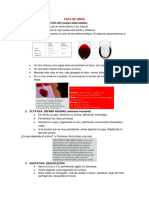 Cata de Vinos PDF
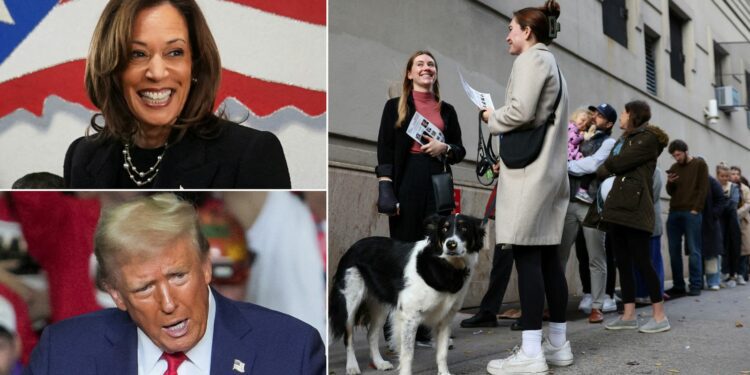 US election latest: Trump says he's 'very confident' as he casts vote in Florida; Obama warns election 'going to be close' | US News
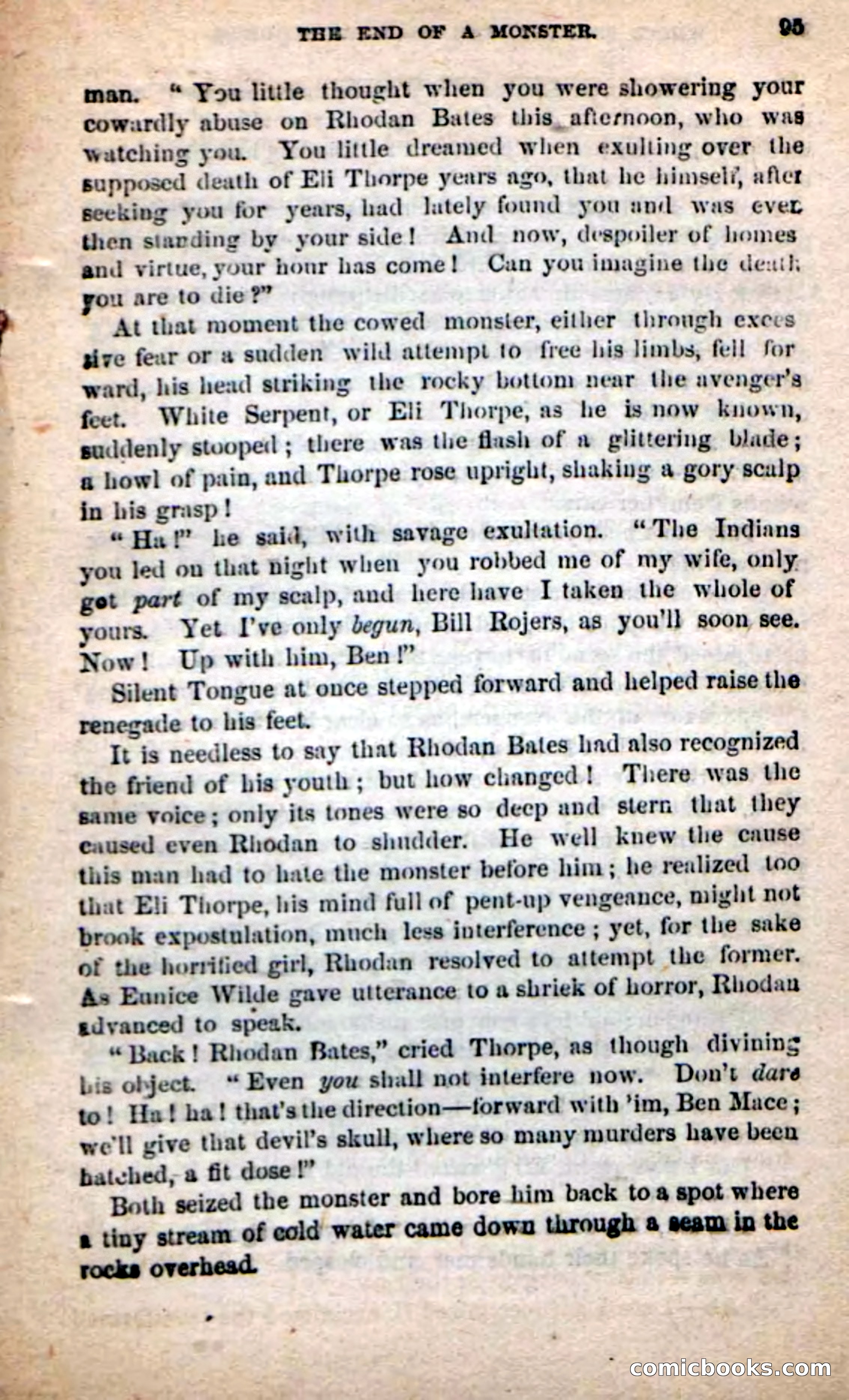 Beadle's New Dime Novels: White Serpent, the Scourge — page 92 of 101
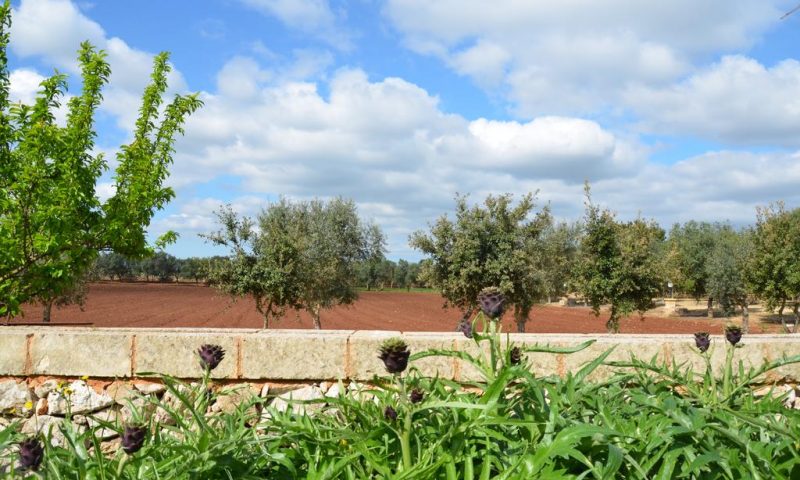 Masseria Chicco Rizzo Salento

-=-=-

:: TASK DIRECTIONS ::
Your task is to repeat exactly the lines from the one containing "US election latest: Trump" through the end of the material, both included, and only those, without pictures.

:: RESPONSE ::
 US election latest: Trump says he's 'very confident' as he casts vote in Florida; Obama warns election 'going to be close' | US News
 Beadle's New Dime Novels: White Serpent, the Scourge — page 92 of 101
 Masseria Chicco Rizzo Salento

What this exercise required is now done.